◆ **Brief**: Work through the listing below and give again exactly the lines from the one with "Elegant 18ct Yellow" to the one with "(222'527) - AutoPostale", both ends included. All other lines and all pictures stay out.

◆ **Data records**:
* * *
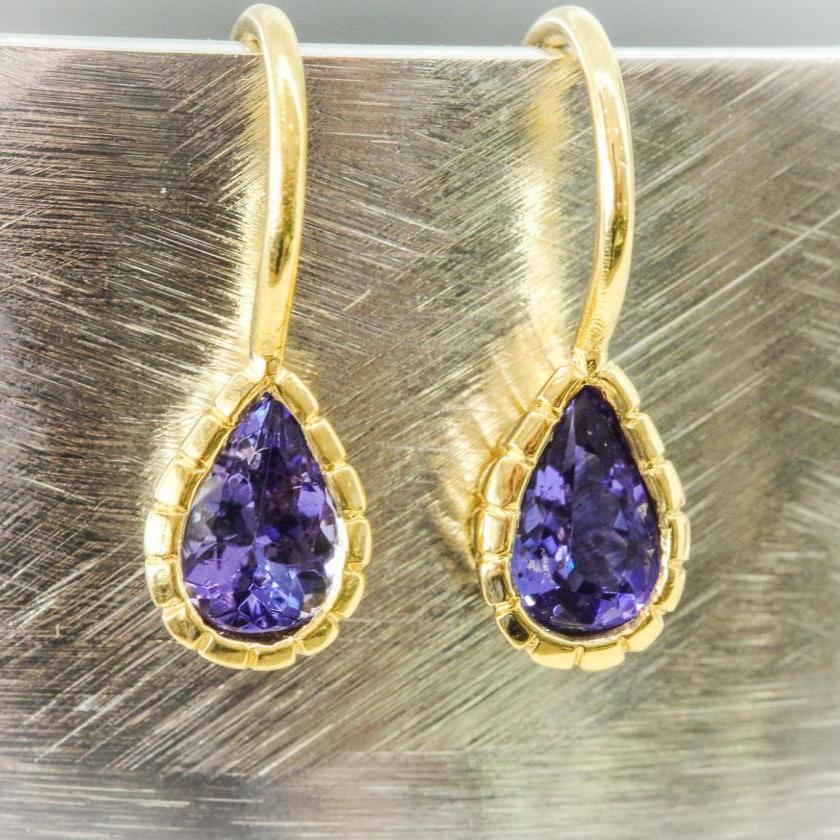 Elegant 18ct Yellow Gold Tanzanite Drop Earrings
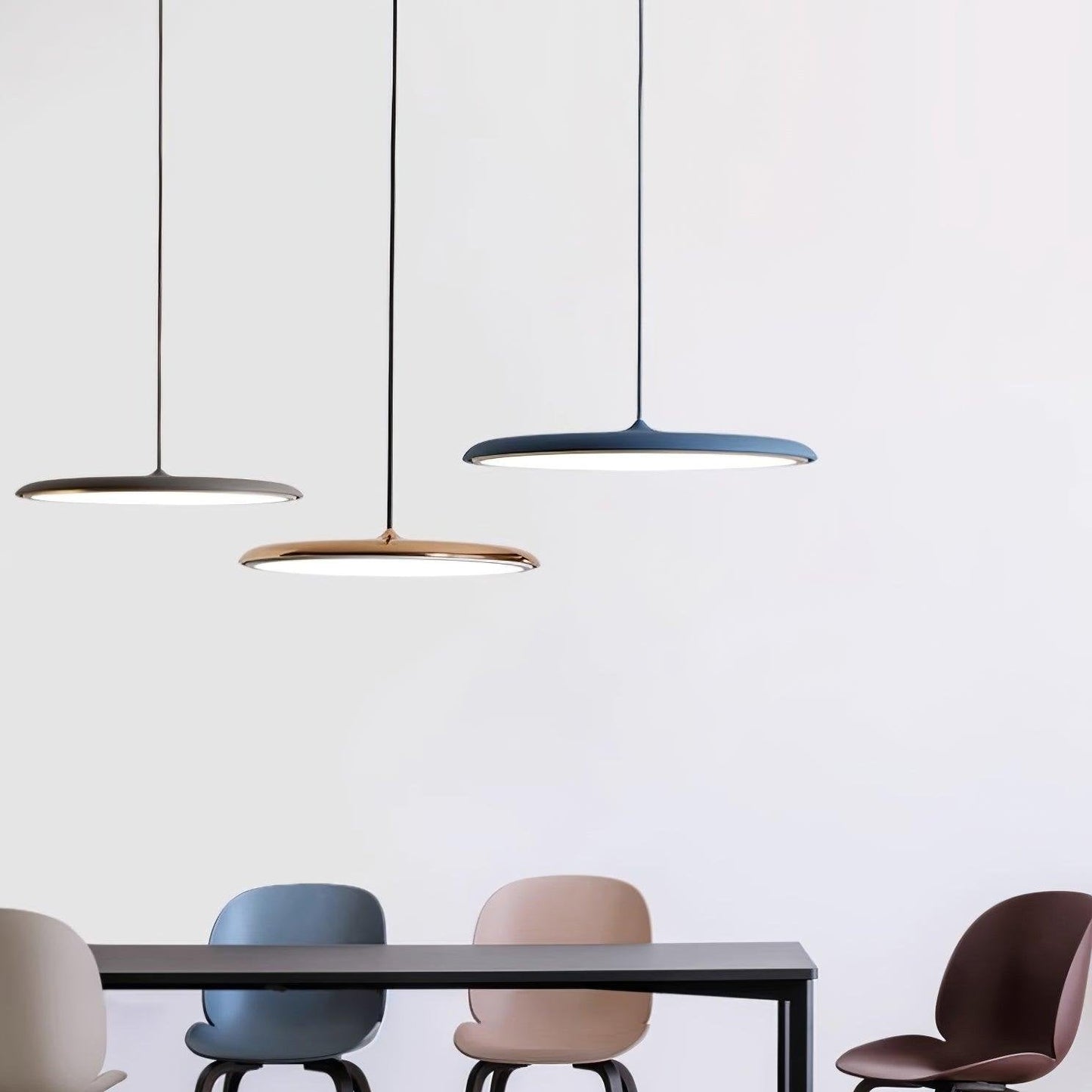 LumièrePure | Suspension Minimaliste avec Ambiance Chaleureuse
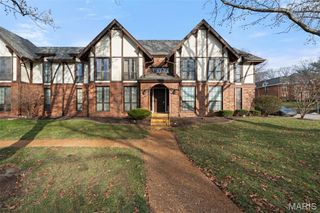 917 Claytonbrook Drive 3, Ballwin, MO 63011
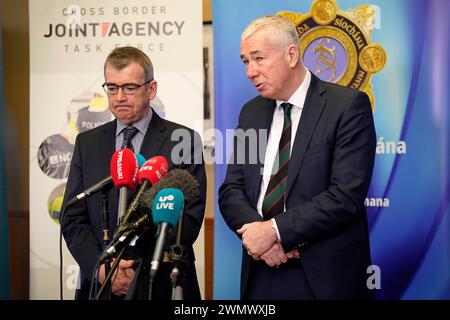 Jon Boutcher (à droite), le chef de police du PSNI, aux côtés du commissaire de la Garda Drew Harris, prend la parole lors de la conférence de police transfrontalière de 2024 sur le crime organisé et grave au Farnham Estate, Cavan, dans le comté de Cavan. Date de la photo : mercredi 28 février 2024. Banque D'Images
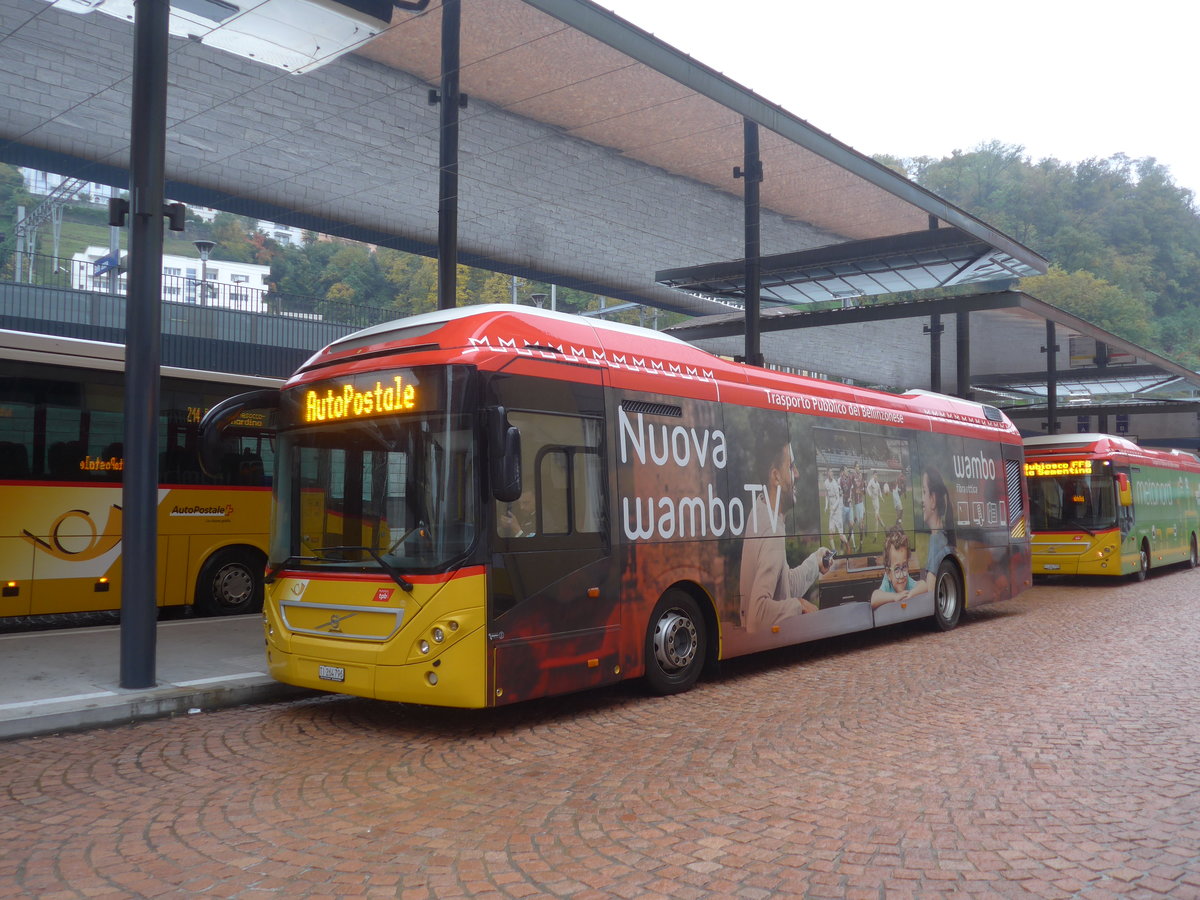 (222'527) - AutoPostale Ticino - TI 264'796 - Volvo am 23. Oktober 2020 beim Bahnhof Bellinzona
* * *
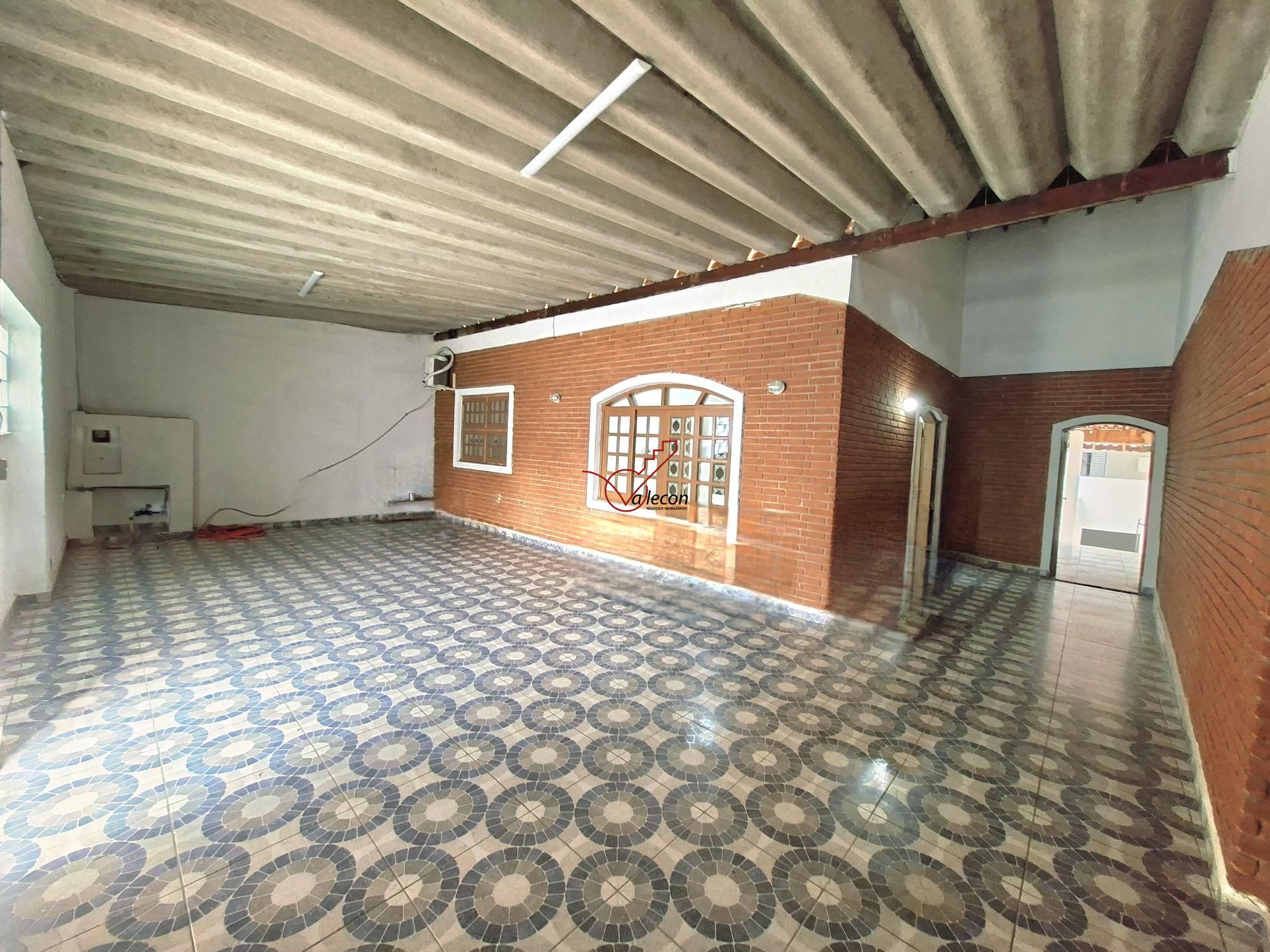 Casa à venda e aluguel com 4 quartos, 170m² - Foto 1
* * *
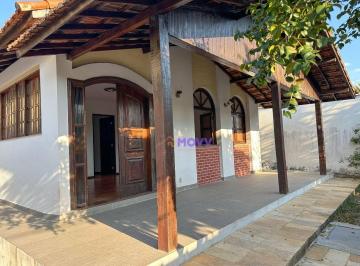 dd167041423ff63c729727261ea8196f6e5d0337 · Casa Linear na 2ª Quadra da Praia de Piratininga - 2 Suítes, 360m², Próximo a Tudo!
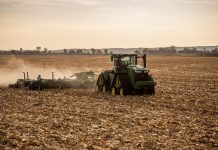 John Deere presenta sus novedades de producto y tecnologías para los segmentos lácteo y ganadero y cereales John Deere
* * *
◆ **Response to this exercise**:
 Elegant 18ct Yellow Gold Tanzanite Drop Earrings
 LumièrePure | Suspension Minimaliste avec Ambiance Chaleureuse
 917 Claytonbrook Drive 3, Ballwin, MO 63011
 Jon Boutcher (à droite), le chef de police du PSNI, aux côtés du commissaire de la Garda Drew Harris, prend la parole lors de la conférence de police transfrontalière de 2024 sur le crime organisé et grave au Farnham Estate, Cavan, dans le comté de Cavan. Date de la photo : mercredi 28 février 2024. Banque D'Images
 (222'527) - AutoPostale Ticino - TI 264'796 - Volvo am 23. Oktober 2020 beim Bahnhof Bellinzona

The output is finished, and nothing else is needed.